Y ahora, encima, se añade la humillación. Ya no hay satisfacción con el hecho de que caiga sobre los encausados el retórico, pero real, peso de la ley, ya que para la comisión de delitos que no existen más que a las querellas y resoluciones judiciales. Se exigen, además, requisitos que, por incompatibles con un mínimo estado de derecho, no figuran en la ley: abjurar de los propios ideales y declarar acatamiento a la legalidad vigente. Por más inri, la legalidad es entendida como complace y conviene a los intereses de los cabecillas del régimen, que no son otros que mantenerse en el poder indefinidamente, y no importa ni el coste ni el precio.

La exigencia de estos actos de fe, como en la Inquisición, contraviene los anclajes democráticos más elementales y hace que, se manejen los índices democráticos que se quieran, confeccionados por presuntos expertos que parece que no conocen ni la realidad política ni judicial española, la calidad democràtica disminuya. Sólo una lectura rápida de los cuatro informes GRECO, que se vienen haciendo desde el año 2000, los iluminaría lo suficiente.

La guinda de este pastel contrario a los derechos fundamentales que presiden la misma Constitución española ha sido la forma con que Carmen Forcadell ha obtenido la libertad provisional.

De los seis comparecientes ante el juez instructor del TS, uno quedó en libertad (imputado, pero en libertad); cuatro más quedaron en libertad provisional con una fianza de 25.000 € —cantidad a depositar en un plazo de siete días como máximo—, y la presidenta Forcadell se vio sometida a una medida inversa: prisión provisional eludible con fianza de 150.000 €. Eso quiere decir que si no se quiere ingresar en prisión hay que abonar dicho importe; mientras no se abone, se pierde la libertad.

Se podría admitir —que ya es mucho admitir— la diferencia de trato en cuanto al importe de las fianzas. Lo que no se puede admitir de ninguna de las maneras es que sin justificación se imponga una medida diferente a unos y a otra, con el resultado de tener que ir forzosamente a parar entre rejas. Decretar una fianza de 150.000 € a las diez de la noche demuestra una clara intención de encarcelamiento.

En efecto, por una parte, la ley prohíbe, salvo estrictas medidas de seguridad, llevar este importe encima. ¿Qué se habría dicho si la presidenta, al recibir el auto del juez de instrucción, abre su bolso, saca un fajo de billetes de 500 € y empieza a contar hasta 150.000 €? Imaginen el espectáculo y las consecuencias.

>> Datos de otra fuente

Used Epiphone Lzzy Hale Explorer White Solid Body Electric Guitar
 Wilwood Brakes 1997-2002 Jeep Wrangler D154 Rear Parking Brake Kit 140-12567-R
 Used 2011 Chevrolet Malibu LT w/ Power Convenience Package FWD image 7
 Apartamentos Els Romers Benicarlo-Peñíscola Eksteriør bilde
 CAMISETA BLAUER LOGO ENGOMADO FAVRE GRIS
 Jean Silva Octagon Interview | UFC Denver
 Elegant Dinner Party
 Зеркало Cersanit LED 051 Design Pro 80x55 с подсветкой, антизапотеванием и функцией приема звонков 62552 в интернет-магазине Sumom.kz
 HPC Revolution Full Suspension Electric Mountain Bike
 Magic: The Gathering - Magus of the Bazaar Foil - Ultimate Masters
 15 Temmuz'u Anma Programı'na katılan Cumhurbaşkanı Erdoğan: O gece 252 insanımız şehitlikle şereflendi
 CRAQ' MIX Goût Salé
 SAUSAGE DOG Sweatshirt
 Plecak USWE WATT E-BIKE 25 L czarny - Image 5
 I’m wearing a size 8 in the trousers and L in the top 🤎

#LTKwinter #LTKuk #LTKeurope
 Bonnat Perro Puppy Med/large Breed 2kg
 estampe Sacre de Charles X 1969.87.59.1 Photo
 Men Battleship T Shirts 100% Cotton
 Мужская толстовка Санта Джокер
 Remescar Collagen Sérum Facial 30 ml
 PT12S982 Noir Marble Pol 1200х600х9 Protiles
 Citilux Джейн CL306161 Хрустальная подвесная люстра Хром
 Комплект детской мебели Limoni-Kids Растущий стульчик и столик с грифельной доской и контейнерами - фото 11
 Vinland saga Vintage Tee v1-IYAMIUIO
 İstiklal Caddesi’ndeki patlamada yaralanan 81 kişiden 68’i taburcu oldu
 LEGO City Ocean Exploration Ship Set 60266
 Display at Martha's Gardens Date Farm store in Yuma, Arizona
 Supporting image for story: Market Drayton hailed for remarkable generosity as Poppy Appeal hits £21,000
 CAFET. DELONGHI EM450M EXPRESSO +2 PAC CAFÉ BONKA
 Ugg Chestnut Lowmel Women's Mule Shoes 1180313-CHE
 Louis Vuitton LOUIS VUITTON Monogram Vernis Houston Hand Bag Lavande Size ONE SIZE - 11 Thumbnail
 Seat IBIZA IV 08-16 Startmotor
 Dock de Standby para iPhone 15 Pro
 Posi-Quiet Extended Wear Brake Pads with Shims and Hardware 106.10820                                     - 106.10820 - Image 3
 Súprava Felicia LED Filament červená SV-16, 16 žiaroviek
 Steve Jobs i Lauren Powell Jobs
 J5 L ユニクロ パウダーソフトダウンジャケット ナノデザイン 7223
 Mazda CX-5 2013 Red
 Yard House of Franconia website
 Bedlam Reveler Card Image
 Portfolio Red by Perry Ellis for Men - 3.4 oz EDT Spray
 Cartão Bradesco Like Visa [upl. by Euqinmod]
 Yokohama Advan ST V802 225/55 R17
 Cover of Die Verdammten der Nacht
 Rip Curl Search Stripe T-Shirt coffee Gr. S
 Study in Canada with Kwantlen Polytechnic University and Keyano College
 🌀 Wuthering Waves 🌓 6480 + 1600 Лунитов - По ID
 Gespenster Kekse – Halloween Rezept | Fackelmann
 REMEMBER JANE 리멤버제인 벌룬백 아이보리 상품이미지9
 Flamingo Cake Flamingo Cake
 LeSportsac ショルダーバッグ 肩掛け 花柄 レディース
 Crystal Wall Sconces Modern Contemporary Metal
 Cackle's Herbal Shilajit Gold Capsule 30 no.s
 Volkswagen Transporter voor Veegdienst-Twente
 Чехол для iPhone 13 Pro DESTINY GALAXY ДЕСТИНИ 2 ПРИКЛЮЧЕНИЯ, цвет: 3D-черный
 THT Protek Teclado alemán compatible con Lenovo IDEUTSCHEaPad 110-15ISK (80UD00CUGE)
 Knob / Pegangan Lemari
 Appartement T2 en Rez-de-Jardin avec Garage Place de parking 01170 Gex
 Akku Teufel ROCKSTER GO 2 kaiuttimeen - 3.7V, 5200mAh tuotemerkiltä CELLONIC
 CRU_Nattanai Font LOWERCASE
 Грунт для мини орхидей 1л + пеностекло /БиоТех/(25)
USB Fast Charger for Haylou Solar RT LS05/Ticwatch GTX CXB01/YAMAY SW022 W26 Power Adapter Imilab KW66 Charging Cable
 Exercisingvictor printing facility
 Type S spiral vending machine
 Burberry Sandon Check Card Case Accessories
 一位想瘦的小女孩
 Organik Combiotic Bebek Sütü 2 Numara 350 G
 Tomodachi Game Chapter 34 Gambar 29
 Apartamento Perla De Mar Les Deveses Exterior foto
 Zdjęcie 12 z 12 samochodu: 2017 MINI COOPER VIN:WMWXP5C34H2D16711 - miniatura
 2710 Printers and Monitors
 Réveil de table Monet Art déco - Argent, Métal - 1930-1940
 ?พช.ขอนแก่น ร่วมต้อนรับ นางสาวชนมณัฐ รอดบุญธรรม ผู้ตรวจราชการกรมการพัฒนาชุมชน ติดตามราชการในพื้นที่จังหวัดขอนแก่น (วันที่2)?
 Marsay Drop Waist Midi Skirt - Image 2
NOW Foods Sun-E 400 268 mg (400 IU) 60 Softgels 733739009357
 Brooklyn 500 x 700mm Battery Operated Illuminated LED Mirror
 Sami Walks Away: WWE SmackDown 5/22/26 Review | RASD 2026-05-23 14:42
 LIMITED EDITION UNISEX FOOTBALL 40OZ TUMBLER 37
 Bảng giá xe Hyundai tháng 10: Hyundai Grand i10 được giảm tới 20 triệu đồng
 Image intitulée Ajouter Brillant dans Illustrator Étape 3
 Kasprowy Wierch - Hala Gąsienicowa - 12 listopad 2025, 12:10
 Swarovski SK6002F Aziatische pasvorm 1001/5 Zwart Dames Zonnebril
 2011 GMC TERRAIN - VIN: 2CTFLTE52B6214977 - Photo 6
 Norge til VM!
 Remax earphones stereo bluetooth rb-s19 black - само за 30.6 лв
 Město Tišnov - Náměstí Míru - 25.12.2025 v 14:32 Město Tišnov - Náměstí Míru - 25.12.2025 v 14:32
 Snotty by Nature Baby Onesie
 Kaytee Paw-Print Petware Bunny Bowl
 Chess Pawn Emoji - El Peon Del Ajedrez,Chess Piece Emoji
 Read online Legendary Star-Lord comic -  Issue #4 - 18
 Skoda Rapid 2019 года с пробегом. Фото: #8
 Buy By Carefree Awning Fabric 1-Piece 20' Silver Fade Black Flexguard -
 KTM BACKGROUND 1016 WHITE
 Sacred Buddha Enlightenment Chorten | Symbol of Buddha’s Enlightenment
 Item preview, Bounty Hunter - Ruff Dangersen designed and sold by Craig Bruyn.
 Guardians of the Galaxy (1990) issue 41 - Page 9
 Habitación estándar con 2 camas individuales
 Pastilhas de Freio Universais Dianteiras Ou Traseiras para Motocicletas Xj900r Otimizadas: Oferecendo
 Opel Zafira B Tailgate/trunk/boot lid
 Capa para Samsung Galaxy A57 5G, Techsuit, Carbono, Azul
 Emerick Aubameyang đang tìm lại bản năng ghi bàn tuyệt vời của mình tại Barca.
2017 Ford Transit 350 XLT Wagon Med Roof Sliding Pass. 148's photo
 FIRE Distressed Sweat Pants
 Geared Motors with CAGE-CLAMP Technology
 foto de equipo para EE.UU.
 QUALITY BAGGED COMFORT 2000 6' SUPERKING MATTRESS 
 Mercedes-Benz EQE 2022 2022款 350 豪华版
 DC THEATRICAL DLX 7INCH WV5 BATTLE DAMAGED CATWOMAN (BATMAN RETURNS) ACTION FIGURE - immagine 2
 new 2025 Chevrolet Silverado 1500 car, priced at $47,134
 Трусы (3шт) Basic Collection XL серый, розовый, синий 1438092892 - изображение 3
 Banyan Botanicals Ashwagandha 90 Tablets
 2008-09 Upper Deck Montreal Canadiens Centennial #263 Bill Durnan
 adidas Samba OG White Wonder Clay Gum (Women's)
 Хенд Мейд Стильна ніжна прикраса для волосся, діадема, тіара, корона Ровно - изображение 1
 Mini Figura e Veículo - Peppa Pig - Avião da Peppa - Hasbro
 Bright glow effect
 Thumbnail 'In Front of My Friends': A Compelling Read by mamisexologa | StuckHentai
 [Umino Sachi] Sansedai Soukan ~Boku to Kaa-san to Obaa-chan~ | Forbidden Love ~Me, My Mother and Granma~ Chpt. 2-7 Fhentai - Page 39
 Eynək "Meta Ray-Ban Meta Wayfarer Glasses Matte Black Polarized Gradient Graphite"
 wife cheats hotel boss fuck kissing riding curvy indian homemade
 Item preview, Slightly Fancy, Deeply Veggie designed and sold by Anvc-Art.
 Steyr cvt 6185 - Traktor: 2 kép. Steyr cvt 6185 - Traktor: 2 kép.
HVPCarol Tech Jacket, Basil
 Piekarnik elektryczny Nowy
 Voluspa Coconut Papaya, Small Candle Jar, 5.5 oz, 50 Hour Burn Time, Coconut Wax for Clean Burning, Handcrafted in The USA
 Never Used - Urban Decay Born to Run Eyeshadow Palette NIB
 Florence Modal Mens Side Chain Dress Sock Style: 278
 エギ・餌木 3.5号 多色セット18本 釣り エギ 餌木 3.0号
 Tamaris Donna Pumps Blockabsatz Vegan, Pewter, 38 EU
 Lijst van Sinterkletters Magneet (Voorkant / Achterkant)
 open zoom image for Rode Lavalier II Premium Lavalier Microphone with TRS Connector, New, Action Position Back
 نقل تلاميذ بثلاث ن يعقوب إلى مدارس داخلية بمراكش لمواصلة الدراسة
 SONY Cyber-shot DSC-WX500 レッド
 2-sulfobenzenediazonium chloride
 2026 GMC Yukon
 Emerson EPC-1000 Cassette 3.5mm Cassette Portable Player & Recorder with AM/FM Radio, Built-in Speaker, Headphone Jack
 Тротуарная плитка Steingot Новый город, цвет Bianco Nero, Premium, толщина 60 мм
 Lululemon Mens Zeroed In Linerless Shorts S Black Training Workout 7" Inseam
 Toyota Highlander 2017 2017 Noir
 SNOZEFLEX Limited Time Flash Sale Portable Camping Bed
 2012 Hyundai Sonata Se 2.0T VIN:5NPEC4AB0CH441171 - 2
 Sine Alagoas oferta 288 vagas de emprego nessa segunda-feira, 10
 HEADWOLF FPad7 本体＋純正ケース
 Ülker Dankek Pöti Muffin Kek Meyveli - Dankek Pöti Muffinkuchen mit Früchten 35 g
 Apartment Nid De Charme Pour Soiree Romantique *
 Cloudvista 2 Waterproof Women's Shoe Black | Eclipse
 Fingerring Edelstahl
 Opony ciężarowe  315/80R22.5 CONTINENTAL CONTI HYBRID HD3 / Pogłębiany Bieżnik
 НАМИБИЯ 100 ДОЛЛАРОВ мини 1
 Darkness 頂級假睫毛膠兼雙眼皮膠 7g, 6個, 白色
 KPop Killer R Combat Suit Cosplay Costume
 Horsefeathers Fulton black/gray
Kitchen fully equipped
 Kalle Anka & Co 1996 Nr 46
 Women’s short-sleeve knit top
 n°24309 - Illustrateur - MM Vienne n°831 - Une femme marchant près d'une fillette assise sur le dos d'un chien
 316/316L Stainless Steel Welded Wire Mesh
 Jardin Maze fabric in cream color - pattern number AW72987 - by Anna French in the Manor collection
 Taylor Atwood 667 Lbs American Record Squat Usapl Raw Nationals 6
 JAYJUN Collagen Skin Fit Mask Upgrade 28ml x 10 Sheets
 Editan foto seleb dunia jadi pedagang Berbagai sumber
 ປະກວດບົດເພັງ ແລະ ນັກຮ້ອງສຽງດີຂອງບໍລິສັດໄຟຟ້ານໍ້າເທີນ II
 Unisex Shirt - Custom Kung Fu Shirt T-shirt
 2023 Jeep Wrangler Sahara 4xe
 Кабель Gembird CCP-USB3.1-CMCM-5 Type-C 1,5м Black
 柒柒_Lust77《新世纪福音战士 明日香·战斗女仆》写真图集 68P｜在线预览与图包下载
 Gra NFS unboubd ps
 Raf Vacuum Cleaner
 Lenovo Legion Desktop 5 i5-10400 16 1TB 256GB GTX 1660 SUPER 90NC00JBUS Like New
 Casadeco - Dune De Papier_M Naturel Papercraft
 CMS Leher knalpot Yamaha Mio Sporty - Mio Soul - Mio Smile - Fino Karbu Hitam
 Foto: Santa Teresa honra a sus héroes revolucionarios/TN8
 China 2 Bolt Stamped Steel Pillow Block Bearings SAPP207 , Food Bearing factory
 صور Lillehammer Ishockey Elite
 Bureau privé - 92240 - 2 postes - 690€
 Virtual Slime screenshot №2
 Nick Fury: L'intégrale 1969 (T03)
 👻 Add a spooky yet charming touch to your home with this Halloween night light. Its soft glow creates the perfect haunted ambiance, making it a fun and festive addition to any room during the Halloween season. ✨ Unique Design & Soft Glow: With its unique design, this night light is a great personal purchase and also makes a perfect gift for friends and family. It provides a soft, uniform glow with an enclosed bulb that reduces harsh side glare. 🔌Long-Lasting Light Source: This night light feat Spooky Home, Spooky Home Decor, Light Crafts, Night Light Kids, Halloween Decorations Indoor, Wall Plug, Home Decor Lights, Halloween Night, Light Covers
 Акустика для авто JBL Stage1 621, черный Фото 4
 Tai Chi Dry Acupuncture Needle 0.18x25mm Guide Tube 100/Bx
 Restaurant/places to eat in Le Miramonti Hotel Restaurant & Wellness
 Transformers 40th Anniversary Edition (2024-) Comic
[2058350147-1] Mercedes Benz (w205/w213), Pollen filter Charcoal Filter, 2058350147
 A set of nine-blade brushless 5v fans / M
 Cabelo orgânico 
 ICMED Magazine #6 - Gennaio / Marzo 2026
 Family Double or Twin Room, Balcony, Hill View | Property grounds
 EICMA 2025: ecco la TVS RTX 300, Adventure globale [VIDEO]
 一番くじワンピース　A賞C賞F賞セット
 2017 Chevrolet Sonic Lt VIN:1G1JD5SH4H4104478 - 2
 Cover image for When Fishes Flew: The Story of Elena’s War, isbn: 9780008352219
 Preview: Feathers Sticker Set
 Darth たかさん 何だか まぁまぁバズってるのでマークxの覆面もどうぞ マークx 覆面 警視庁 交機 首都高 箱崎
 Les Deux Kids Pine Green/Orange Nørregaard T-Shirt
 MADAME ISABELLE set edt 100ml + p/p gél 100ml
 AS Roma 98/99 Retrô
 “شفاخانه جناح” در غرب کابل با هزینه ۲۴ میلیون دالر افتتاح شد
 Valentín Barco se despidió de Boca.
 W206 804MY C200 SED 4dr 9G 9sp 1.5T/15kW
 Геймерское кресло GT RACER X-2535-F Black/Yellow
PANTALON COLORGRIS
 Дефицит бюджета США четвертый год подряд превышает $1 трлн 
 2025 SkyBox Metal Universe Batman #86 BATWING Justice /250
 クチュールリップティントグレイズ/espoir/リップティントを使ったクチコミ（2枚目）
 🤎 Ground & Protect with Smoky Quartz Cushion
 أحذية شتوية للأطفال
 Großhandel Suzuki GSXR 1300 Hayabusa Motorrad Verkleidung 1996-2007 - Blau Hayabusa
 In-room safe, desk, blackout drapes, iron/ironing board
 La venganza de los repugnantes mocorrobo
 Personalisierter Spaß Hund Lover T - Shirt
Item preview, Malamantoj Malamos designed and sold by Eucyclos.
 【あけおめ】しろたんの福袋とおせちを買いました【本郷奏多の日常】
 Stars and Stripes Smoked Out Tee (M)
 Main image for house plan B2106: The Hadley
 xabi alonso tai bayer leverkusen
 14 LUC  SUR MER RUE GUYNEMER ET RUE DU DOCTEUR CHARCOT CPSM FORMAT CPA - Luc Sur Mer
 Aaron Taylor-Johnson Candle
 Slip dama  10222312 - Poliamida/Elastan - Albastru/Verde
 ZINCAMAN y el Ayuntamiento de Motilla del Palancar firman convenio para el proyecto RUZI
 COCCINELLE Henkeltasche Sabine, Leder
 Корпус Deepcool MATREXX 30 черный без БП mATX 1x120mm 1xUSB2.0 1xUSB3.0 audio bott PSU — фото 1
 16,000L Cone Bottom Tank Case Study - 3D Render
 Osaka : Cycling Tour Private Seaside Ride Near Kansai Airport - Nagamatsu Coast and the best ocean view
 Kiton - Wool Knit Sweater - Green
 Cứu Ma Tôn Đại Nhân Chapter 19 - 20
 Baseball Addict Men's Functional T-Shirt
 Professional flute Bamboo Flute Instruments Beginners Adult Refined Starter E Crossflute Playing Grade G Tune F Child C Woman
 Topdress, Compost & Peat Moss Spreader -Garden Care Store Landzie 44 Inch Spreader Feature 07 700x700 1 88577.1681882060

Por otra parte, no hay oficinas bancarias abiertas para retirar este dinero o confeccionar un cheque bancario. Y lo que no es menos importante: ¿está abierta a esta hora la oficina de consignaciones del TS? O sea, blanco y en botella.

La foto era el ingreso (y la posterior salida) de Carme Forcadell de Alcalá-Meco. El precio, muy alto: cavar más y más el cementerio sentimental que aleja Catalunya de España, cavado a velocidad supersónica por una dirigencia española que entre sus múltiples defectos no tiene el de la inteligencia. Y una losa que lastra el estado de derecho: la sospecha permanente que, en algunos supuestos clave, más que separación de poderes, hay una tóxica convergencia de poderes.